Abstract: The modeling of interaction relationship between group members is the core technology of group activity recognition. High complexity and information redundancy in relational reasoning are tough problems in complex scenarios when modeling its group interactions. In order to solve these problems, we propose a model of grouping interactive relation. Firstly, CNN and RoIAlign are used to extract the scene information and personal information as initial features in each frame, and the whole group is divided into two subgroups by the personal spatial coordinates (For example, in the Volleyball data set, the X coordinates of participants’bounding boxes are used to rank, then, everyone set is set up an ordinal ID and 12 people are divided into two group from left to right). Secondly, the two local groups and the global scene groups are divided, the Graph Convolutional Network （GCN） is used to deduce their interaction relationship respectively, and the key persons in each group are determined. Then, we can regard global relationship features as the real value, and merge the characteristics of local relation of two groups as predicted value. In order to match the key figures of two groups with key figures from the whole group successfully, the cross-entropy loss function is built between the two and feedback to optimize the upper-level group GCN interaction relationship network. Next, with the information of key figures in the global interaction relationship as a guide, the key figures in the two subgroups are matched respectively. After successful matching, the matched key figures in the two subgroups are taken as the target nodes to establish a relationship graph between these two subgroups, and then it is deduced by GCN. Finally, the initial features are fused with intergroup and global interaction characteristics respectively to obtain two group behavior branches, and the final recognition result is obtained through decision fusion. The experiment shows that the accuracy is 93.1% on Volleyball data set and the accuracy is 48.1% on NBA data set.

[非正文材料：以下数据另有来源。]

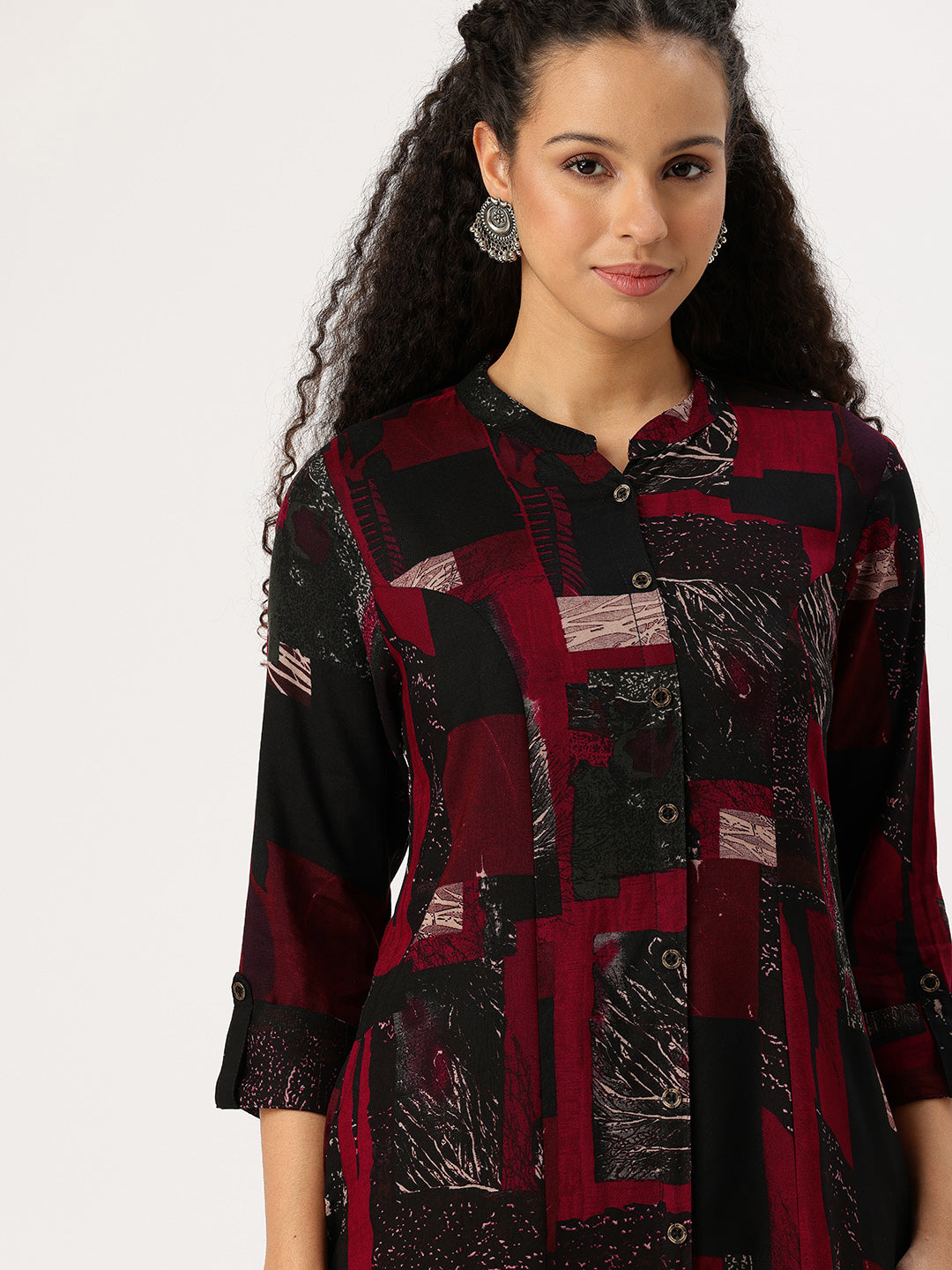 Woman wearing a patterned kurta with black pants on a white background, Red Geometric Printed Kurta, Office Wear Kurta, Black Printed kurta, Printed Kurta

Key words: grouping interaction relationship fusion, key person matching, decision fusion, group behavior recognition

王传旭, 刘冉. 基于交互关系分组建模融合的组群行为识别算法[J]. 计算机与现代化, 2022, 0(01): 1-9.

WANG Chuan-xu, LIU Ran. Group Activity Recognition Algorithm Based on Interaction Relationship Grouping Modeling Fusion[J]. Computer and Modernization, 2022, 0(01): 1-9.

参考文献［33］

［1］	CARREIRA J, ZISSERMAN A. Quo vadis, action recognition? A new model and the kinetics dataset［C］// Proceedings of the 2017 IEEE Conference on Computer Vision and Pattern Recognition. 2017:4724-4733.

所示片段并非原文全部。